Cast your mind back to the previous Bond film, On Her Majesty’s Secret Service. George Lazenby was cast as Bond, taking over from Sean Connery who quit the role after You Only Live Twice. Without spoiling my review of On Her Majesty’s Secret Service, originally the film was meant to end with Bond getting married. The opening sequence of Diamonds was meant to pick up where the last film left off and show Bond’s new bride being gunned down by Irma Bunt and Blofeld on Bond’s wedding day. But that idea was scrapped and the death of Bond’s bride was left in On Her Majesty’s Secret Service, leaving a very powerful ending.
Diamonds Are Forever was meant to be a revenge film that sadly didn’t happen. George was axed from the role of Bond due to a combination of reasons; bad advice from his friend, bad press from the English tabloids regarding an on set incident involving Diana Rigg, his own antics on set (where he was reportedly drunk and acted like a total diva) and lack of support from the studio when it came to promoting him as Bond. The studio shot themselves in the foot when they released a poster with the tagline “Sean Connery IS Bond” only months before yet didn’t give George the same treatment. But most importantly which didn’t work out in George’s favour is that despite his Bond film doing well in the international market, it unfortunately didn’t do well in the US (in comparison to Connery’s Bond films).

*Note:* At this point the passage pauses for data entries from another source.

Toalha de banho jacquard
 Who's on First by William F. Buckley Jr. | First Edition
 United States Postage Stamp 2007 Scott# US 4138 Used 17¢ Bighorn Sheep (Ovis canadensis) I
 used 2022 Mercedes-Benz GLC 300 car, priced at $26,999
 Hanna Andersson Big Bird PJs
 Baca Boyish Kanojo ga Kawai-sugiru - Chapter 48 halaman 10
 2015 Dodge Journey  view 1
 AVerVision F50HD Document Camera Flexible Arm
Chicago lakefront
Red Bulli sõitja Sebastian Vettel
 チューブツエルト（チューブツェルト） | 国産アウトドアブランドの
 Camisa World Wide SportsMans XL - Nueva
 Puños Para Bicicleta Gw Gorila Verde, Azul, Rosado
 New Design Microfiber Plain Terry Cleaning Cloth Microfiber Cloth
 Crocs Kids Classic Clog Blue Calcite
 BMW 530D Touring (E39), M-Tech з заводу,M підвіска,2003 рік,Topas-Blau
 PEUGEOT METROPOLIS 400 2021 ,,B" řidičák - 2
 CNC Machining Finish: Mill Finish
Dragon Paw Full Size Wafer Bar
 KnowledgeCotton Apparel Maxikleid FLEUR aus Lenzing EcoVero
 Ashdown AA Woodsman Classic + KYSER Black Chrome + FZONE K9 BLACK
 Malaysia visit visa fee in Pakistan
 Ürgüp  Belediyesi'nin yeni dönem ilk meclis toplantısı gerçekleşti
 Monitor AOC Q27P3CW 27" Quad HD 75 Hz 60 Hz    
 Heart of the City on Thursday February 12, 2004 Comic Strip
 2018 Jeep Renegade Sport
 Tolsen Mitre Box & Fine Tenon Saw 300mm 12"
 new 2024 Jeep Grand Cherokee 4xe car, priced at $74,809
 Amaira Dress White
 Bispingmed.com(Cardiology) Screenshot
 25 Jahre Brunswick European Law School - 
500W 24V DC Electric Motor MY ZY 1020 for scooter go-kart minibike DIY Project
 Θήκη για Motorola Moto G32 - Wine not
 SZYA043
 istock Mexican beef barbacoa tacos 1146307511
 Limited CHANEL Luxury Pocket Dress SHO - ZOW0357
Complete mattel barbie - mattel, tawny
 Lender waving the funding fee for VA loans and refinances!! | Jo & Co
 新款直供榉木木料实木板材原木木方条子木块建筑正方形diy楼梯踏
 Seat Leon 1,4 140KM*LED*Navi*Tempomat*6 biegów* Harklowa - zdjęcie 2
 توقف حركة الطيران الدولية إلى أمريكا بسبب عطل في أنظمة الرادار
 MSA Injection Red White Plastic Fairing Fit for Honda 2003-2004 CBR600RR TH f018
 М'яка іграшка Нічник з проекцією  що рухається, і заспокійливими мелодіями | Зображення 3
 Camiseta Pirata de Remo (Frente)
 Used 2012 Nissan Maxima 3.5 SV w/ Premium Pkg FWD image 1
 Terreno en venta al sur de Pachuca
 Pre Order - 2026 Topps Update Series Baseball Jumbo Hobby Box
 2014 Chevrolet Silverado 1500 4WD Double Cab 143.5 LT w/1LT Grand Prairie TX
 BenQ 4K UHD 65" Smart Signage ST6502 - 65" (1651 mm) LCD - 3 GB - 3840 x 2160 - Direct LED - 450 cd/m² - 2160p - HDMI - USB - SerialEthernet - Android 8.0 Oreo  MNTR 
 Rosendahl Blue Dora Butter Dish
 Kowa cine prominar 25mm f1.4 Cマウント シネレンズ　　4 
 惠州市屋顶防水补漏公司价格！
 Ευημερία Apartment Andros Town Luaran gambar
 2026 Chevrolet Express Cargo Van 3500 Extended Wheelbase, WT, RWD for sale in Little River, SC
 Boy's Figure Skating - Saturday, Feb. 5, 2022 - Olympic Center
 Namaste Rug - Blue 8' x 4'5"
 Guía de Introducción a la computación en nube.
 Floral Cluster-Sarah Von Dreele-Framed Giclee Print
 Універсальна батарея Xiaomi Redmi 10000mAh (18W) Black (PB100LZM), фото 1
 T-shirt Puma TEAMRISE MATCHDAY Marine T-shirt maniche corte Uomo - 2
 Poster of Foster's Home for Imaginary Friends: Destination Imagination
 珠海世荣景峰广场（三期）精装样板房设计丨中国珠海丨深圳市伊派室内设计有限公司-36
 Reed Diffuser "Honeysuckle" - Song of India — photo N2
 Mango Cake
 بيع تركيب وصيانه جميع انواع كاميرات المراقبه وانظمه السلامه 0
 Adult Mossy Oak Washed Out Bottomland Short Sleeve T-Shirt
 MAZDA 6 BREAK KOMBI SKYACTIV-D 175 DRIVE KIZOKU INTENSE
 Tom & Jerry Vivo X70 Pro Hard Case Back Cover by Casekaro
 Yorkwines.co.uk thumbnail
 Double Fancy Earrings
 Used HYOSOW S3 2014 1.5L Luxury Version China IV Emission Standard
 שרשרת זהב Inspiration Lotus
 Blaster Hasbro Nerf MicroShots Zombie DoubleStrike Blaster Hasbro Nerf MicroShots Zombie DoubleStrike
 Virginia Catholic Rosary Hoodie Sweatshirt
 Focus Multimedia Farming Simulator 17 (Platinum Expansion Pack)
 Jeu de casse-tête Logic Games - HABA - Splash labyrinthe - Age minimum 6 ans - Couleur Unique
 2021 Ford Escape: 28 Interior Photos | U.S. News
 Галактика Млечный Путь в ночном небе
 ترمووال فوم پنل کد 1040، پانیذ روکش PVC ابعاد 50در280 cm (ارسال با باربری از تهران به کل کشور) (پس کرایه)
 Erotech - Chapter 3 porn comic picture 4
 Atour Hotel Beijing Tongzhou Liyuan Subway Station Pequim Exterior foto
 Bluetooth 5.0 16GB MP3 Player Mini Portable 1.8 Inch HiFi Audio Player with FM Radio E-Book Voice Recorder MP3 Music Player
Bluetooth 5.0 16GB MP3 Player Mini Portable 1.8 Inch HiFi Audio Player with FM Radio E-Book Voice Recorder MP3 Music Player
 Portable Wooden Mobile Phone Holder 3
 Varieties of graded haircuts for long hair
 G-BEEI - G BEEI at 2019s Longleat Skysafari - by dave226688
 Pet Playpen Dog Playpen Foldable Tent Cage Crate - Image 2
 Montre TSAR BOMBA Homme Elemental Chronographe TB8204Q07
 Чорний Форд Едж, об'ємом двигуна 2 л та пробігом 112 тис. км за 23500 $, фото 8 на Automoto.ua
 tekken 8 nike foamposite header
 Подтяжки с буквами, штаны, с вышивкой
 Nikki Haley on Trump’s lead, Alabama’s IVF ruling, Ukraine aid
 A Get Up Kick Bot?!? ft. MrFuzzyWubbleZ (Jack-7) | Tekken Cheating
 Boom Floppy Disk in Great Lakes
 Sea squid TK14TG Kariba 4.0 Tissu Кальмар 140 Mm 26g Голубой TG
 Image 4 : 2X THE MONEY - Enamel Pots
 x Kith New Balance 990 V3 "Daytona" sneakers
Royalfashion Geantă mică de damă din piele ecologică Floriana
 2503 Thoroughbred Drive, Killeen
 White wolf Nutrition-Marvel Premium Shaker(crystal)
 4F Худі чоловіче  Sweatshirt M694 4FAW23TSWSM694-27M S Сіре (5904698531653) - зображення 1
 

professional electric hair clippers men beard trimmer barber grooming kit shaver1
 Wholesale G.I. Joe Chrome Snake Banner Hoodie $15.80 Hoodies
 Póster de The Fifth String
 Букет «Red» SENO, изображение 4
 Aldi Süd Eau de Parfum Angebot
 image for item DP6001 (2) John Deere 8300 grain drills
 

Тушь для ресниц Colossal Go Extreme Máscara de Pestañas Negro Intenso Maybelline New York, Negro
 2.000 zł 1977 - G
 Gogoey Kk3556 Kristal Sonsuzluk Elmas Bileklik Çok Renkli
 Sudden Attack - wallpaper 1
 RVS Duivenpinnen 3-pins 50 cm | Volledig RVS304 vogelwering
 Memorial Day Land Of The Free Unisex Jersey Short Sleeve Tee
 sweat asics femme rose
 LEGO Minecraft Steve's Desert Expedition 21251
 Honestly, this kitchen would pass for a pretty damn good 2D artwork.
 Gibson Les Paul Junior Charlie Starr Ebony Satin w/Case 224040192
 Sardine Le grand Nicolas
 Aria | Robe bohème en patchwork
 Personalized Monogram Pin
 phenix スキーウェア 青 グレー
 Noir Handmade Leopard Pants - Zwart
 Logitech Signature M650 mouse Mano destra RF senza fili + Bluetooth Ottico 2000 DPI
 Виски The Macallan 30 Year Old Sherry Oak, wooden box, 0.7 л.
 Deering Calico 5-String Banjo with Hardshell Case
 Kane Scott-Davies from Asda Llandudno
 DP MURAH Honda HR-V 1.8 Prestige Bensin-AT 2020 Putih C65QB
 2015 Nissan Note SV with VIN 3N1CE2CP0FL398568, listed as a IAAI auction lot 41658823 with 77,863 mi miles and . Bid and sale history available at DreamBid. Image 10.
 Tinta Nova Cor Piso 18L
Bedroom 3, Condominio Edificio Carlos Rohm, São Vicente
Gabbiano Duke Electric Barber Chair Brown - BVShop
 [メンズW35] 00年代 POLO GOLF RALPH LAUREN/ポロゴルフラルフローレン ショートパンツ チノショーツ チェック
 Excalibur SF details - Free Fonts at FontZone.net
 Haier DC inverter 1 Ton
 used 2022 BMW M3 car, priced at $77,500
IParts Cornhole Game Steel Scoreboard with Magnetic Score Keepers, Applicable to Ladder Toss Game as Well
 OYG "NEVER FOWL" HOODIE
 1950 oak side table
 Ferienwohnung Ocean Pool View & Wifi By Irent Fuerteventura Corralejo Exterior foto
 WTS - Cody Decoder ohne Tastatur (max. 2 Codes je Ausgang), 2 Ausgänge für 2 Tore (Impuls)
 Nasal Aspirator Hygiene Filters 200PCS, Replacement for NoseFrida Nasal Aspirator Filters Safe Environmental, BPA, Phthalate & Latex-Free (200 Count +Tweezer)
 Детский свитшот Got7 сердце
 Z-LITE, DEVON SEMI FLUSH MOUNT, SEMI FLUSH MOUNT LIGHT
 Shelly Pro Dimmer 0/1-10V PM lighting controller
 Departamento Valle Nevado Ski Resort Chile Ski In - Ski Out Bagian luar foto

With Diamonds Are Forever lined up as the next film, United Artists asked Sean Connery to come back against the wishes of producers Saltzman and Broccoli. They were apprehensive about having Sean back since they had fallen out famously over arguments over money owed to Sean. The studio didn’t care and paid Sean an obscene amount of money for him to return (although the money was donated by Sean to charitable trust funds in Scotland). Loosely based on the novel, the fact that majority of it was set in the US, you can almost say that this film acted like an apology to the cinema going audience for the “confusion” from the last film. On Her Majesty’s Secret Service went on to become the forgotten Bond film while Diamonds Are Forever became a box office hit.
For me, Diamonds is ranked this low because after the ending of On Her Majesty’s Secret Service, they choose to go in the opposite direction and completely ignore what had happened. Bond had lost his wife…on his wedding day!!!! That should never happen, not even to your worst enemy. If the opening scene where Bond searches for Blofeld was suppose to be his revenge for his dead wife then sadly it deserved better than a five minute intro before the opening Shirley Bassey credits. It was this decision (and fear over box office profits) that turned Bond from a potentially complicated character to solidifying the formula of a larger than life spy that was to be repeated throughout in the later years.
Despite his best efforts, Connery did look old. Compare to what Lazenby, Moore and what Daniel Craig is constantly doing by keeping in shape, Connery looked like he just strolled off his last movie and went back to Bond. He didn’t stay for the next Bond film, despite agreeing a two-picture deal with United Artists.
Maybe I’m doing Diamonds a disservice. There are some fun moments and some silly moments that I can’t defend (like multiple Blofelds) but sadly I felt cheated (and still do) on what this film could have been.